Leur droit civil n’étoit pas moins accablant. La loi de Constantin, après avoir déclaré batards les enfans des personnes viles qui se sont mariées avec celles d’une condition relevée, confond les femmes qui ont une boutique[2] de marchandises avec les esclaves, les cabaretieres, les femmes de théâtre, les filles d’un homme qui tient un lieu de prostitution, ou qui a été condamné de combattre sur l’arêne : ceci descendoit des anciennes institutions des Romains.

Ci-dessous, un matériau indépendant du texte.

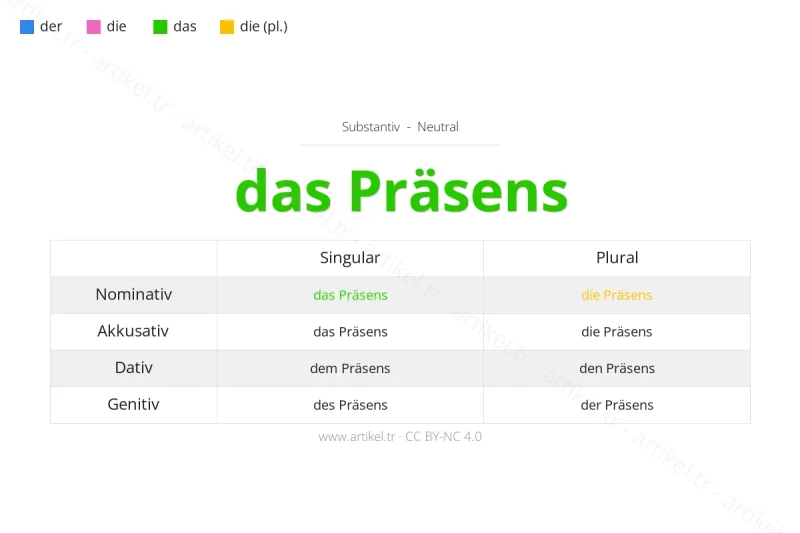 Welcher Artikel ist Präsens auf Deutsch?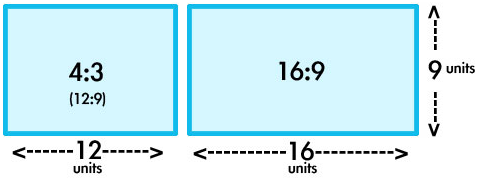 4.3 vs. 16.9 screens cropped.png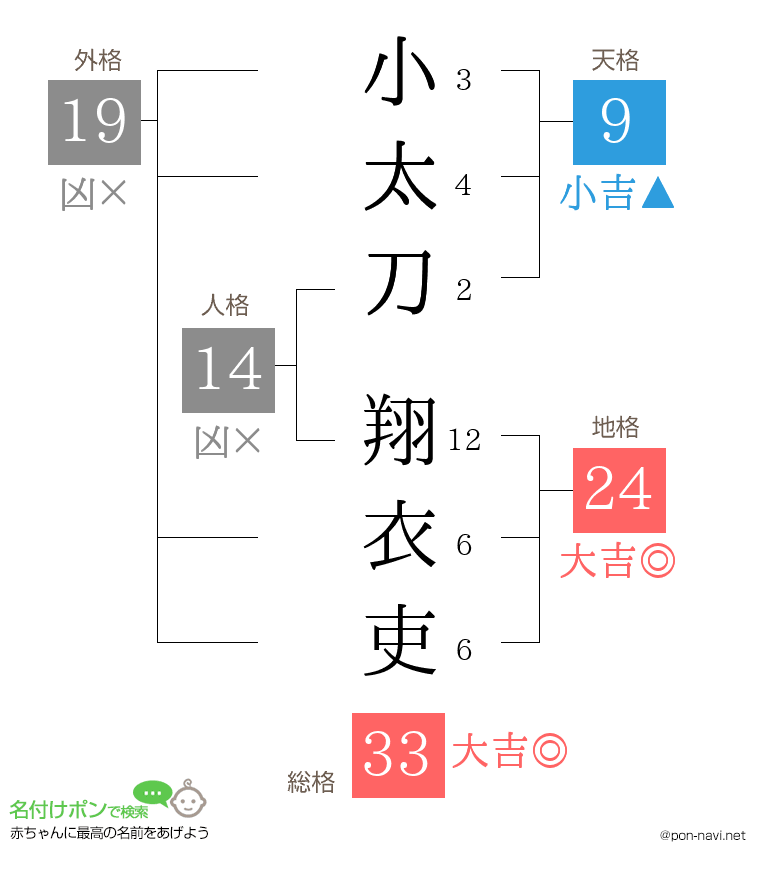 小太刀 翔衣吏さんの姓名判断結果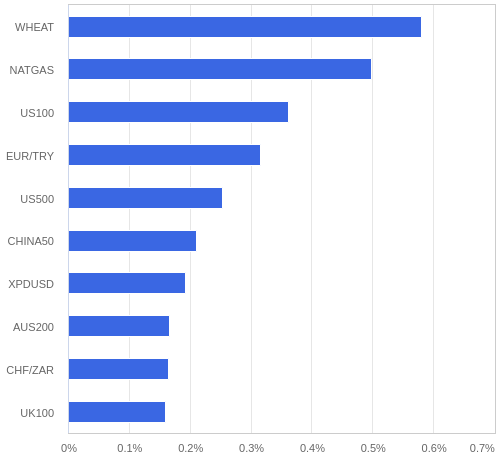 FX・CFDの騰落率ランキング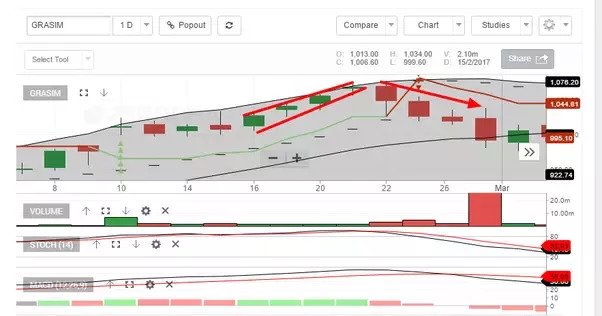 The Grasim Crash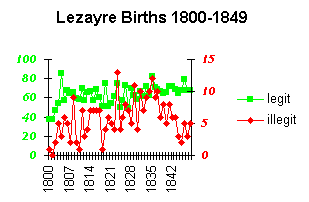 graph Illegitimacy Lezayre 1800-1849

Je sçais bien que des gens pleins de ces deux idées ; l’une, que le commerce est la chose du monde la plus utile à un état ; & l’autre, que les Romains avoient la meilleure police du monde, ont cru qu’ils avoient beaucoup encouragé & honoré le commerce : mais la vérité est qu’ils y ont rarement pensé.


CHAPITRE XV.

Commerce des Romains avec les barbares.


LES Romains avoient fait, de l’Europe, de l’Asie & de l’Afrique, un vaste empire : la foiblesse des peuples & la tyrannie du commandement unirent toutes les parties de ce corps immense. Pour lors, la politique Romaine fut de se séparer de toutes les nations qui n’avoient pas été assujetties : la crainte de leur porter l’art de vaincre, fit négliger l’art de s’enrichir. Ils firent

  1. Leg. 5, §. 2, ff. de captivis.
  2. Quæ mercimoniis publicè prœsuit. Leg. I. cod. de natural. liberis.